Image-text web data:
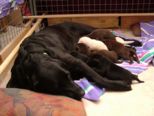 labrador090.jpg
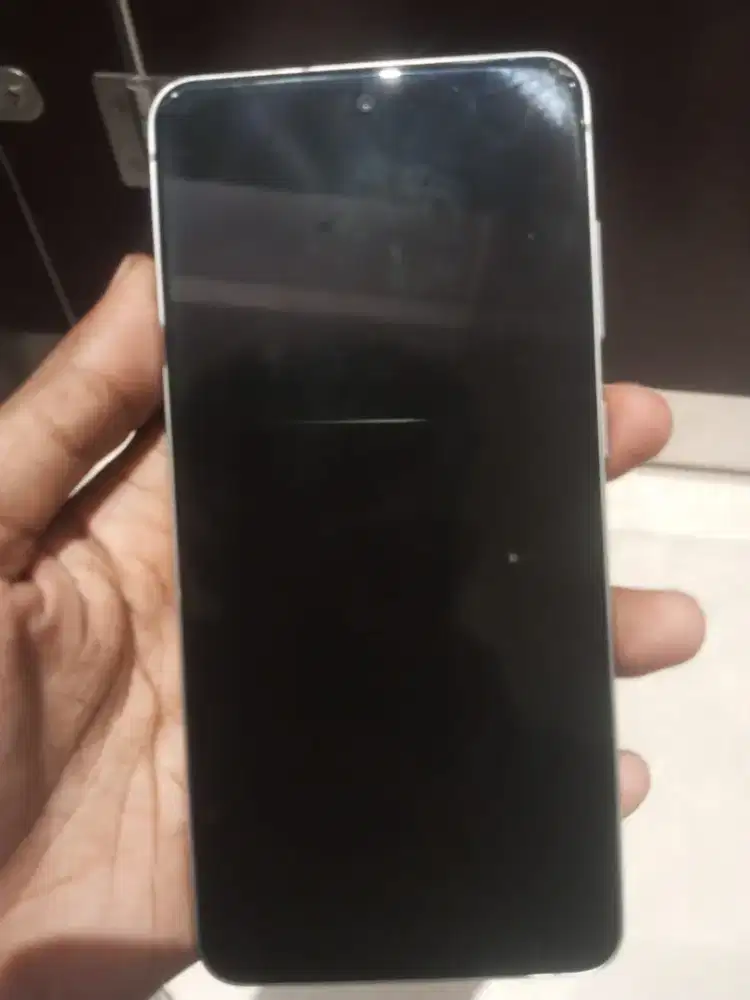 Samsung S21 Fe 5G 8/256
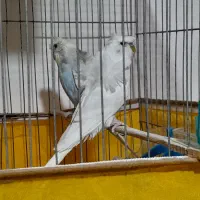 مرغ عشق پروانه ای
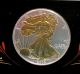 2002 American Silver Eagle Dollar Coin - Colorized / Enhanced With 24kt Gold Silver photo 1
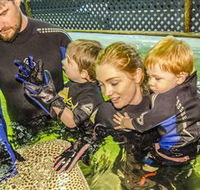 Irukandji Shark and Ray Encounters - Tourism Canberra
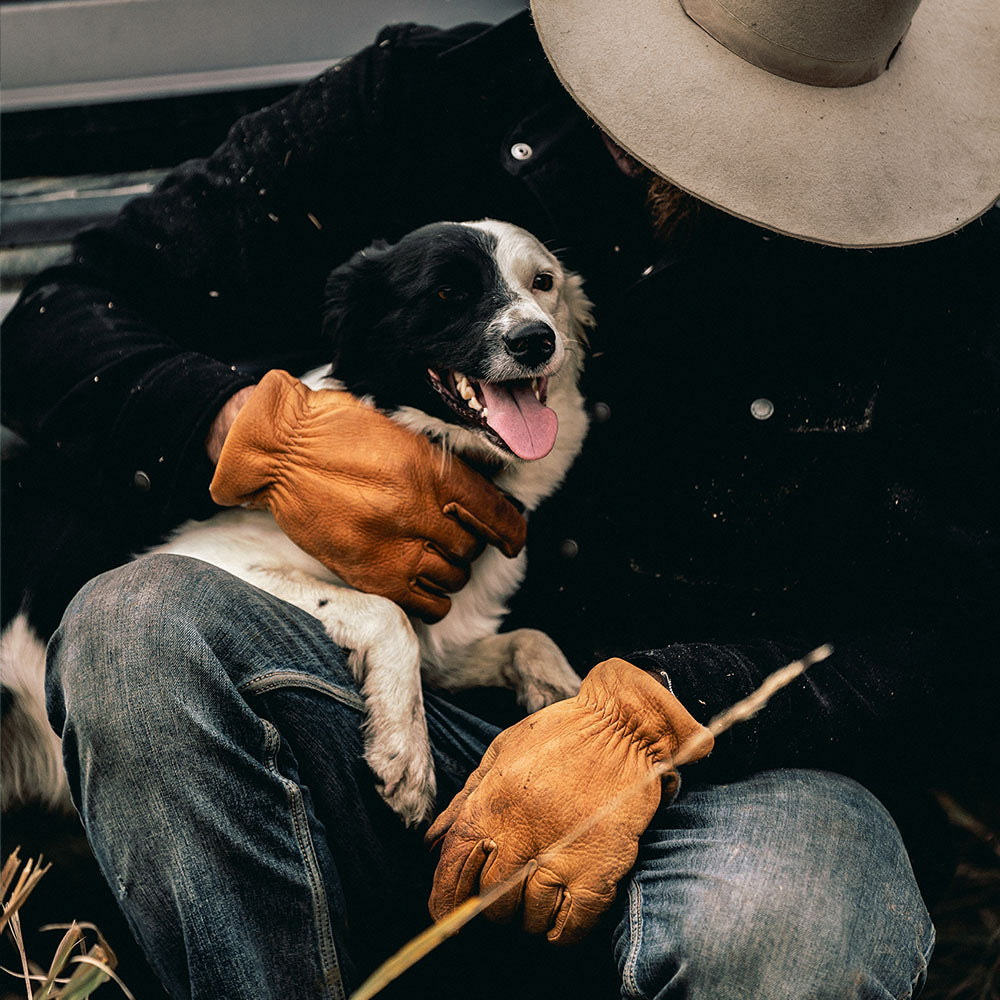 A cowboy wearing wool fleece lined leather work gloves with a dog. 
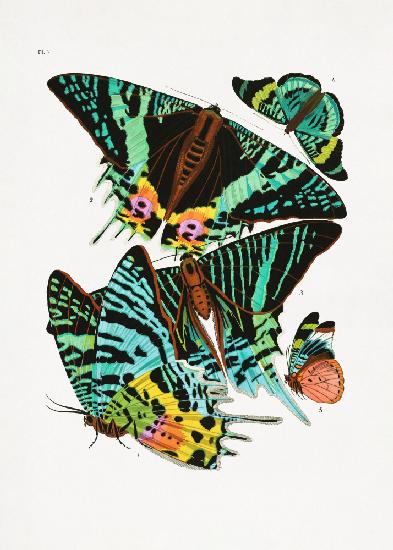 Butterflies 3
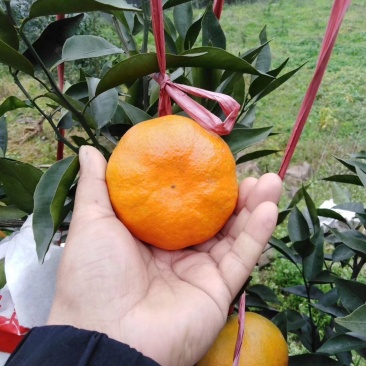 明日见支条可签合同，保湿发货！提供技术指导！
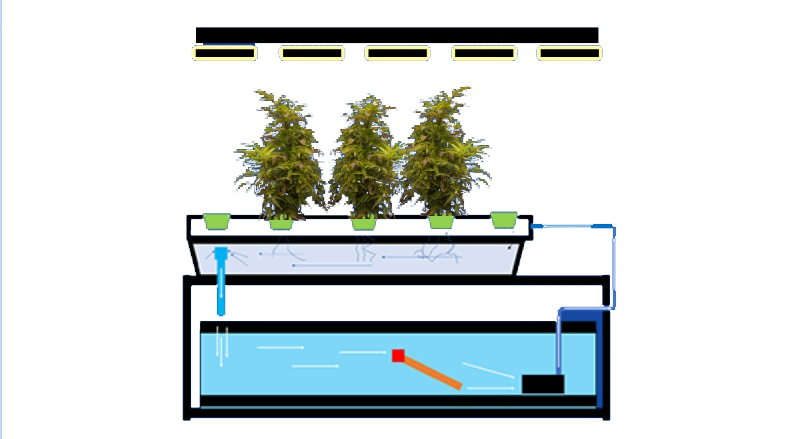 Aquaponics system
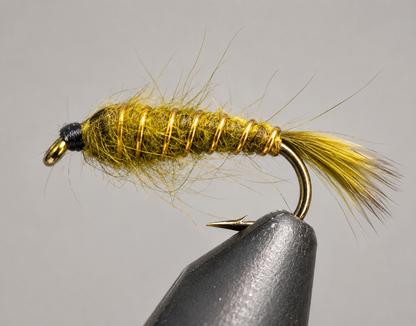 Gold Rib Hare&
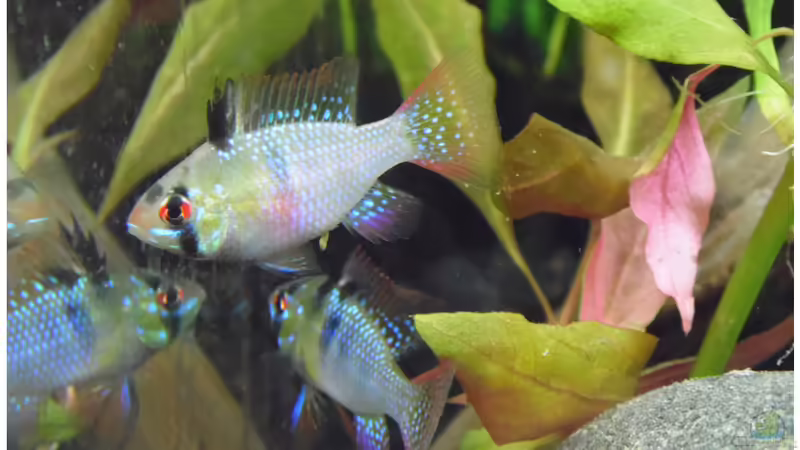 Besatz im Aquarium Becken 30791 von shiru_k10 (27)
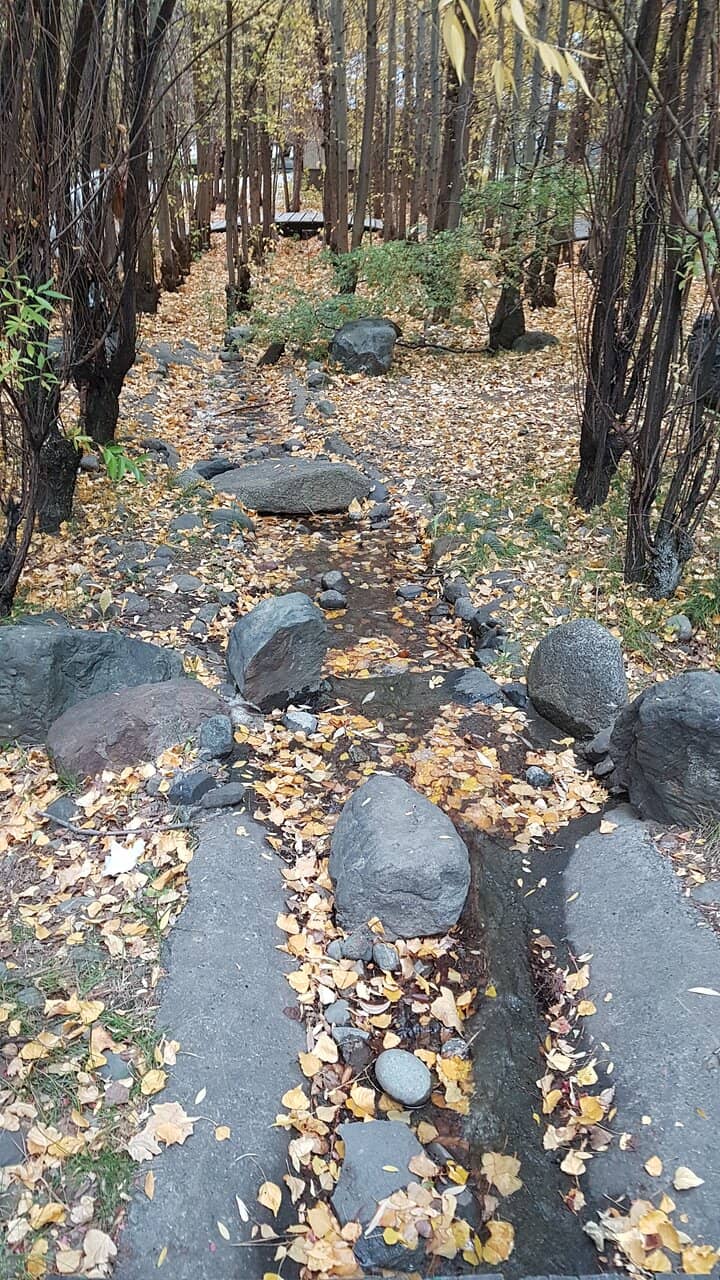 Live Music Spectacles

* **WHAT YOU NEED TO DO**
Above are the records; give them all again exactly, apart from the pictures.

* **ANSWER FOR THIS EXERCISE**
 labrador090.jpg
 Samsung S21 Fe 5G 8/256
 مرغ عشق پروانه ای
 2002 American Silver Eagle Dollar Coin - Colorized / Enhanced With 24kt Gold Silver photo 1
 Irukandji Shark and Ray Encounters - Tourism Canberra
 A cowboy wearing wool fleece lined leather work gloves with a dog. 
 Butterflies 3
 明日见支条可签合同，保湿发货！提供技术指导！
 Aquaponics system
 Gold Rib Hare&
 Besatz im Aquarium Becken 30791 von shiru_k10 (27)
 Live Music Spectacles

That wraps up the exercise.